Supplied data:
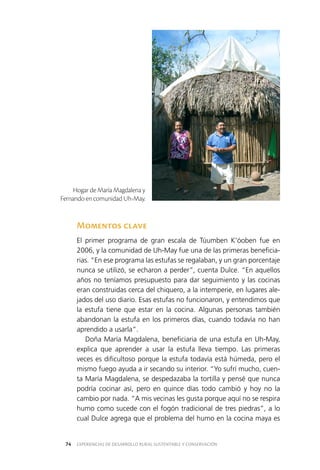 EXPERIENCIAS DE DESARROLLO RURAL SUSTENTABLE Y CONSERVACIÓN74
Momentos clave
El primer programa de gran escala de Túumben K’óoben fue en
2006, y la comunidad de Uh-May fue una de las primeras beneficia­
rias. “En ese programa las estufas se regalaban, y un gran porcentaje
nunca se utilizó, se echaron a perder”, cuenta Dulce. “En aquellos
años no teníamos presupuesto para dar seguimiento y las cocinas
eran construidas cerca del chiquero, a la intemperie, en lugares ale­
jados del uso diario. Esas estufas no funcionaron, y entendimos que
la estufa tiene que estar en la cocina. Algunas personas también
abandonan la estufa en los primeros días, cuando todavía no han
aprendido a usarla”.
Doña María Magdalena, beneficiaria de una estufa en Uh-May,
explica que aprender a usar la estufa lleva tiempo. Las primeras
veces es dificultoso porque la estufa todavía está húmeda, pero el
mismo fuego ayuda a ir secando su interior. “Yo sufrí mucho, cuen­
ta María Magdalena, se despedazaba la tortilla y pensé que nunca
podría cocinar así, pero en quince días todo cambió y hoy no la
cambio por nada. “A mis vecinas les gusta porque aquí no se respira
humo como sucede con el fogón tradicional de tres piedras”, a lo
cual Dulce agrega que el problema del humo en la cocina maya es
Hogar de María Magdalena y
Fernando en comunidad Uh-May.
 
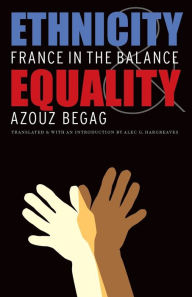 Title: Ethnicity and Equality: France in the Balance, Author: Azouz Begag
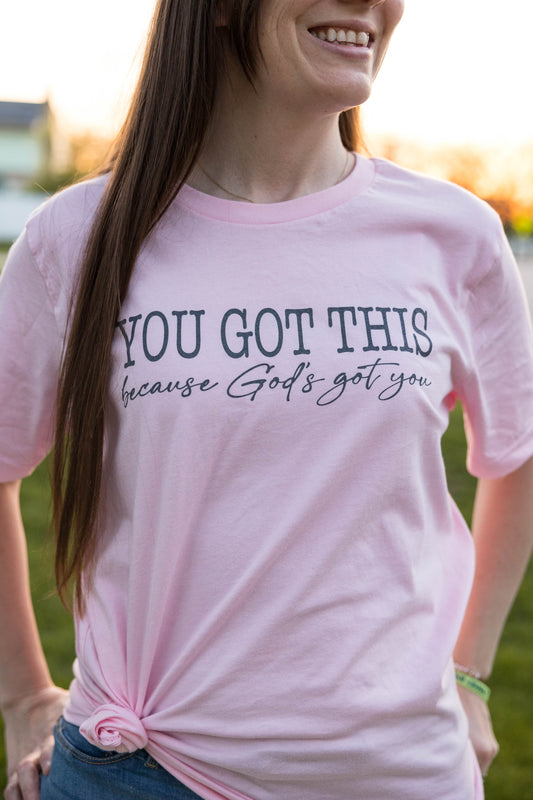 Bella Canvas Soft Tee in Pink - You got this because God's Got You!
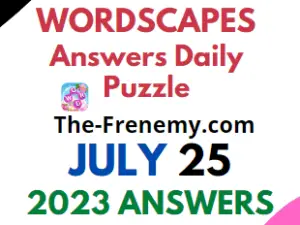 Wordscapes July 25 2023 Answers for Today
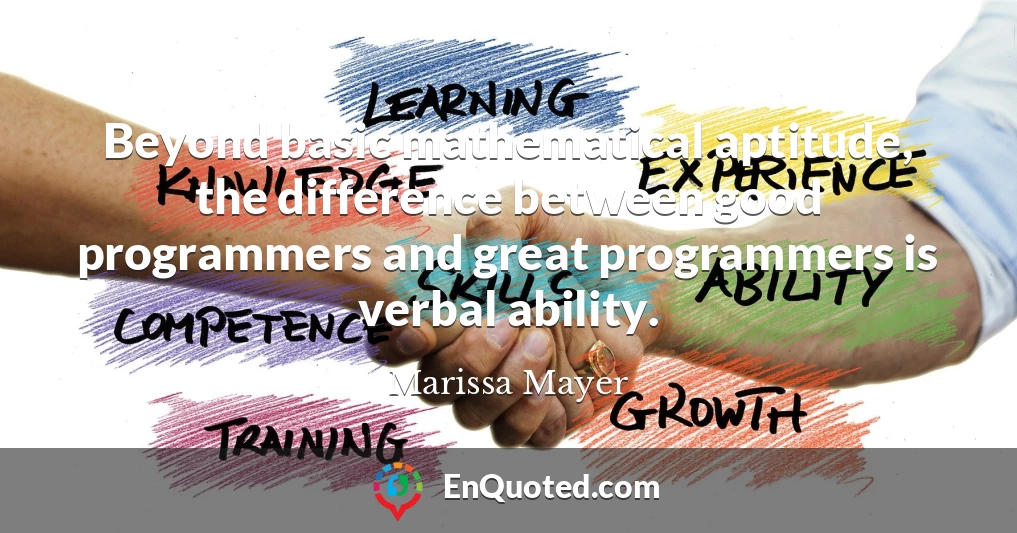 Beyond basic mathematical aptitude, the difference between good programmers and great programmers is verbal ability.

---

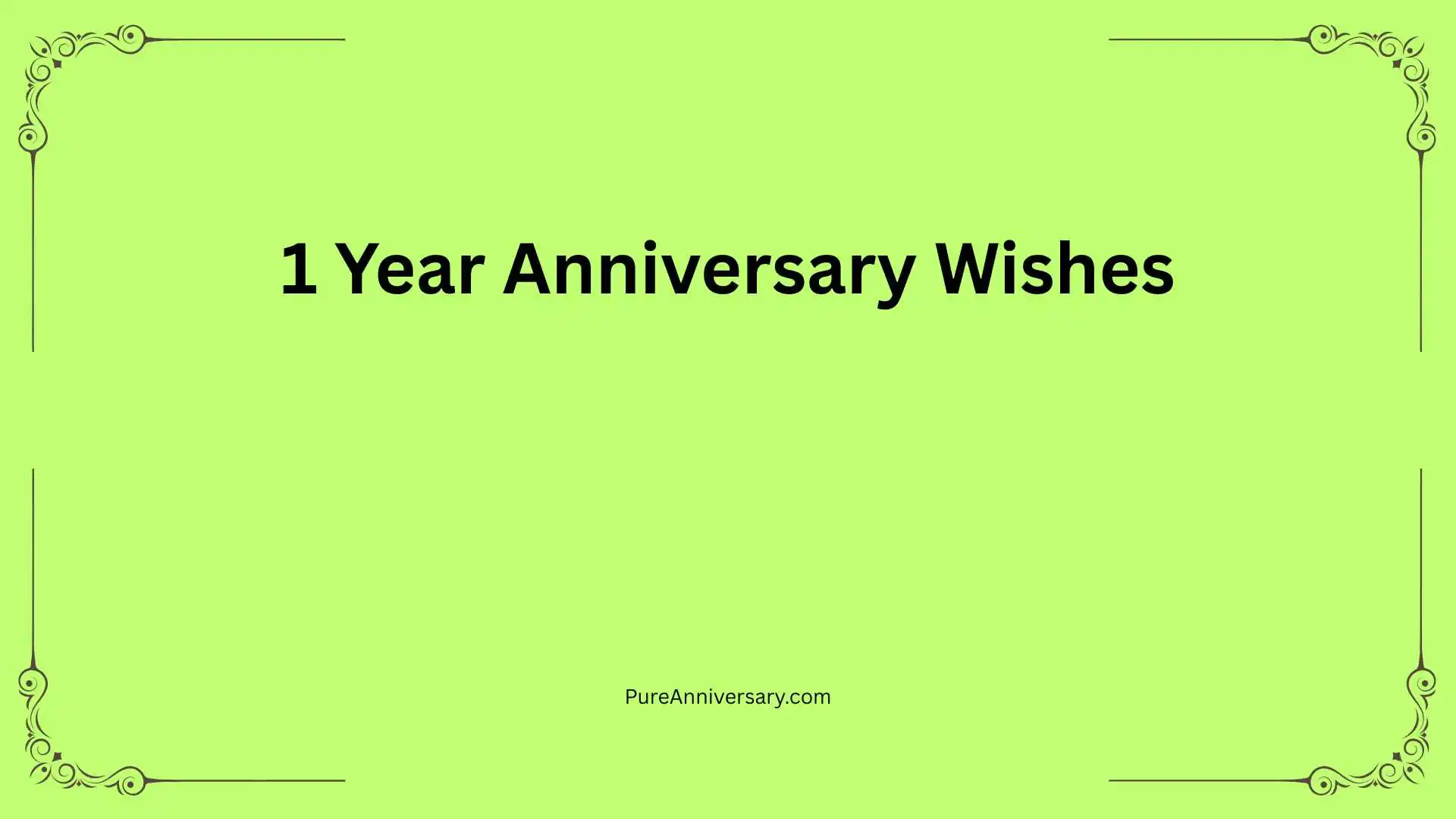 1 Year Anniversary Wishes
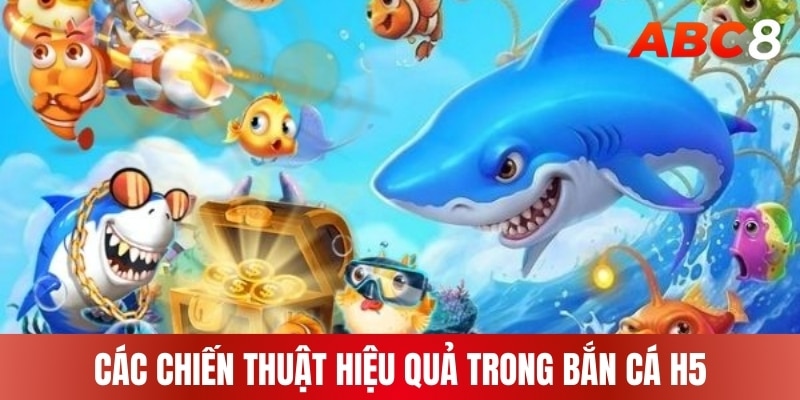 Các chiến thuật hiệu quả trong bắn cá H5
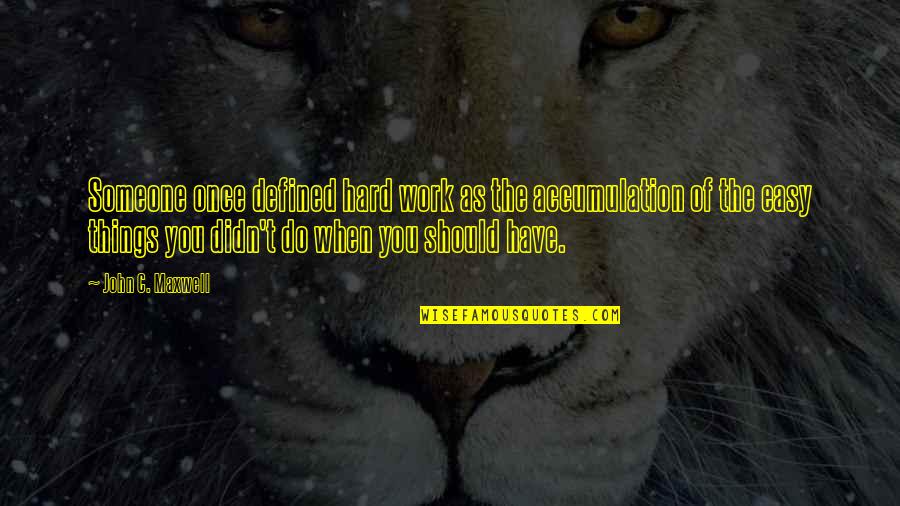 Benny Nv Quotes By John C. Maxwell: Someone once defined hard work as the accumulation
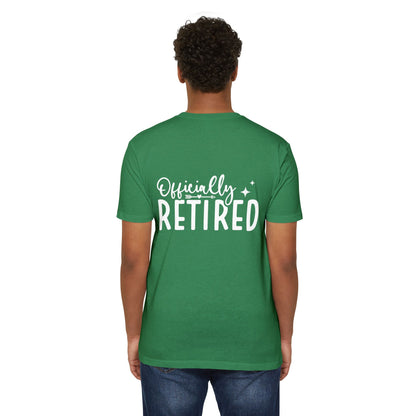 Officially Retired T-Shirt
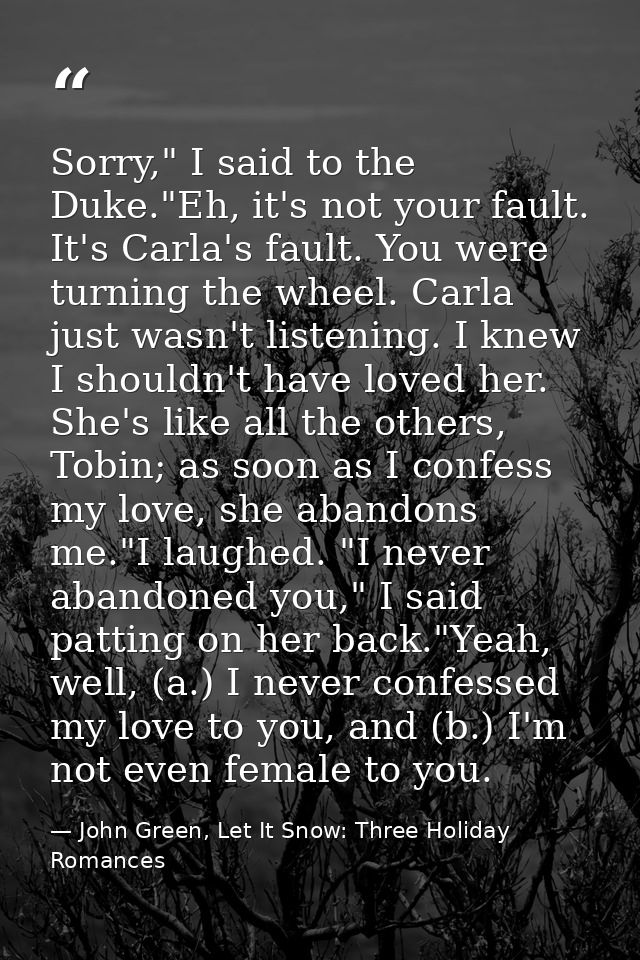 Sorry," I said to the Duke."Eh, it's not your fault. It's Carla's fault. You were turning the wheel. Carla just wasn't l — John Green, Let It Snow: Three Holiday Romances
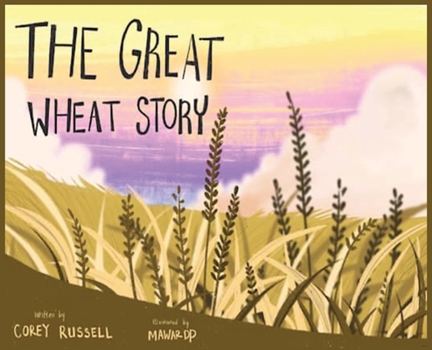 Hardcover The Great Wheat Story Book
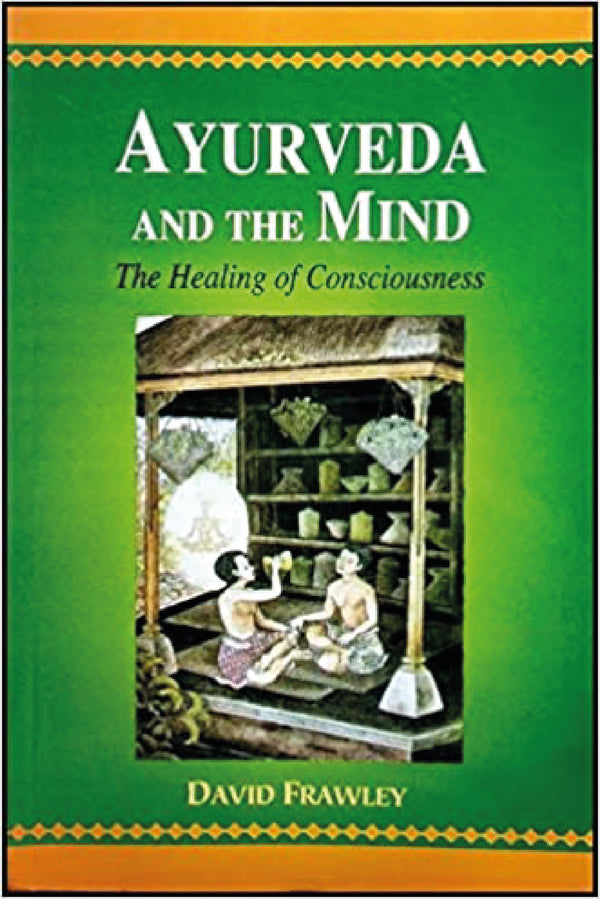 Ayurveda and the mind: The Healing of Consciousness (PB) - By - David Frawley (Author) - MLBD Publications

Exercise objective: For every line in the data above that has the string "porque", return that line.

Exercise answer:
veces es dificultoso porque la estufa todavía está húmeda, pero el
cambio por nada. “A mis vecinas les gusta porque aquí no se respira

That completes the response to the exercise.